NAZIONE O PROVINCIA?

di Aventino Frau

La mozione unitaria del
centrosinistra sul ritiro immediato del contingente italiano
dall’Iraq ci induce ad alcune riflessioni sulla nostra
situazione nazionale.

Subito dopo il crollo delle torri, mi permisi di definire l’11
settembre come la Pearl Harbour di una anomala terza guerra
mondiale, esplosa fragorosamente e proditoriamente e, anche
questa, rivolta contro gli Stati Uniti, gigante dai piedi di
argilla, incapace – nonostante i suoi celebrati servizi segreti
– di prevedere, di sapere, di impedire.


A quella data fummo tutti americani. Anche gli avversari di Bush
videro in lui il capo di una nazione forte, unita, solidale,
ferita.

Si proclamò la guerra al terrorismo, alle centrali di tale
potere, agli Stati canaglia, ai finanziatori. Si stanò Bin Laden
in Afganistan pur senza catturarlo, si rovesciò il regime dei
talebani, si aprì a maggior margini di libertà, almeno
giuridica, un Paese condizionato da un regime religioso,
opprimente e retrogrado.

Poi venne l’Iraq, il terribile Saddam che andava colpito perché
pericoloso detentore di armi micidiali, dittatore oppressivo di
un popolo e delle sue minoranze etniche e maggioranze religiose.

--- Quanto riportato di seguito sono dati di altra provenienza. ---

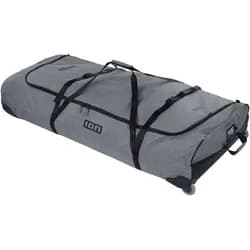 ION GEARBAG CORE WING Boardbag 2026 sage grey - 5,0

La guerra lampo ebbe successo militare, anche se contestata da
più parti; la “difesa preventiva” motivò – con forte discutibile
innovazione politico-giuridica – una operazione che la dirigenza
statunitense fece senza una adeguata valutazione delle
conseguenze non militari ma politiche.

Non si è vinta la pace, ma si è abbattuto un dittatore e si è
data al popolo iracheno una libertà teorica che non sa gestire.

Le truppe angloamericane, da liberatrici sono divenute
occupanti, ma hanno impedito, per il momento, il sogno sciita di
una Repubblica islamica e teocratica (un altro Iran) e quello
dei seguaci di Osama Bin Laden di fare dell’Iraq, dopo la fine
dell’Afganistan talebano, una rinnovata centrale del terrorismo
islamico mondiale. Una valutazione su tutto questo, sulla
strategia mondiale di lungo periodo da ciò nascente, sui
pericoli che il terrorismo rappresenta per tutto il mondo, la
politica italiana l’ha fatta assai poco. Ha rincorso legittime
emozioni, i sentimenti ahimè sempre mutabili ed influenzabili
della gente, ha generalizzato episodi vergognosi ma certo
isolati, ha preferito cercare colpe e colpevoli piuttosto che
cercare ragionevoli soluzioni.

La cosa più triste è che si è trasformato un grande problema del
mondo in un fatto di politica interna, di competizione
elettorale, di polemica di basso profilo.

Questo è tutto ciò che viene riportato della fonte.